No campo da trilha sonora, O Crime do Padre Amaro traz uma boa música instrumental tema, mas ainda assim é um trabalho longe de lembrar músicas-temas famosas de produções estrangeiras como, por exemplo, a de Cinema Paradiso, perfeita.

Finalizando, O Crime do Padre Amaro é uma boa produção de 2002, que teve seu reconhecimento na crítica. É um filme que poderia de diversas maneiras ser melhor explorado, contudo, do jeito que foi apresentado, também ficou muito bom. Não deixem de conferir o novo trabalho de Gael Garcia Bernal.

Atenção: Leia os Próximos Parágrafos Apenas se Já tiver assistido ao filme.

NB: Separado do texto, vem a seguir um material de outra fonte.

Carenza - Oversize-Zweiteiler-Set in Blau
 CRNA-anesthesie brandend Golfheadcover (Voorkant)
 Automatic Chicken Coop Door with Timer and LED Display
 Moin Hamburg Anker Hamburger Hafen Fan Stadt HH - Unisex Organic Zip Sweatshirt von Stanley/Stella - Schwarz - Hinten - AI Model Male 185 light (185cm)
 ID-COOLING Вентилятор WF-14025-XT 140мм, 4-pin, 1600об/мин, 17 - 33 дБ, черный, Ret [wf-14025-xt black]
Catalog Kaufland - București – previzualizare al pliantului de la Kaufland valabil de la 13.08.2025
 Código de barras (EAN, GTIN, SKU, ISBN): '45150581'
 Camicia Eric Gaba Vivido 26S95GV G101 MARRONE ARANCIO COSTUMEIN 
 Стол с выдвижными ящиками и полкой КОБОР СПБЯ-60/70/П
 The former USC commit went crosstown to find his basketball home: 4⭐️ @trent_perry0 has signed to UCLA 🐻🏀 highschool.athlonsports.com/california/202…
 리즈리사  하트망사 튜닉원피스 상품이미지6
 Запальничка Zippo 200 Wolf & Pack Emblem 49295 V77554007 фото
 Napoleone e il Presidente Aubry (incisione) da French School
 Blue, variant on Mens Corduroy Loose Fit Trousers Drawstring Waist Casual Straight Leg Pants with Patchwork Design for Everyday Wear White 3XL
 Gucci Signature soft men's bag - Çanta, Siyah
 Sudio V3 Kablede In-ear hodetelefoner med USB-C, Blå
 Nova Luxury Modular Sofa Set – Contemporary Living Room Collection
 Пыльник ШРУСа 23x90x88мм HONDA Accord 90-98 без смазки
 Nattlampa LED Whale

Como havia comentado previamente, os rumos que a história tomam são muito previsíveis, o que é ajudado, em grande parte, pela caracterização falha do lado psicológico e moral tanto por parte de Amaro quanto de Amelita. A forma como o aborto é tratado ao final do filme poderia ter sido melhor abordado também. Era como se, apesar de todo condicionamento religioso mostrado no início do filme por ambos os personagens, ao final do mesmo eles tivessem perdido todo esse condicionamento. Não há uma passagem que mostre os personagens se conflitando sobre o assunto, se indagando, enfim, surge como uma coisa natural e mal apresentada. O que, importante dizer, não ocorre na obra de Eça de Queiroz.

A única passagem em que comenta-se uma alternativa ao aborto é quando Amelita sugere a Amaro que ela mesma volte com um namoradinho que tinha antes de ter um caso com Amaro; ficasse com ele e dissesse que o filho era dele. Espanta a naturalidade como essa idéia é proposta, mais uma vez, entrando em contrapartida com o caráter dos mesmos no início da película. Parece que toda a caracterização inicial dos personagens é simplesmente esquecida ou deixada de lado do meio da trama para frente. E como isso não é um filme de David Lynch (vide Cidade dos Sonhos), não está certo.

Comentários (1)

Luã Olsen | terça-feira, 22 de Abril de 2014 - 17:32

\"É um filme que poderia de diversas maneiras ser melhor explorado, contudo, do jeito que foi apresentado, [não] ficou muito bom\". Agora sim, Tony, com a correção faz sentido. Porque escrever uma crítica dessas e no fim dizer que \"também ficou muito bom\" é dose hein. O filme peca, e muito.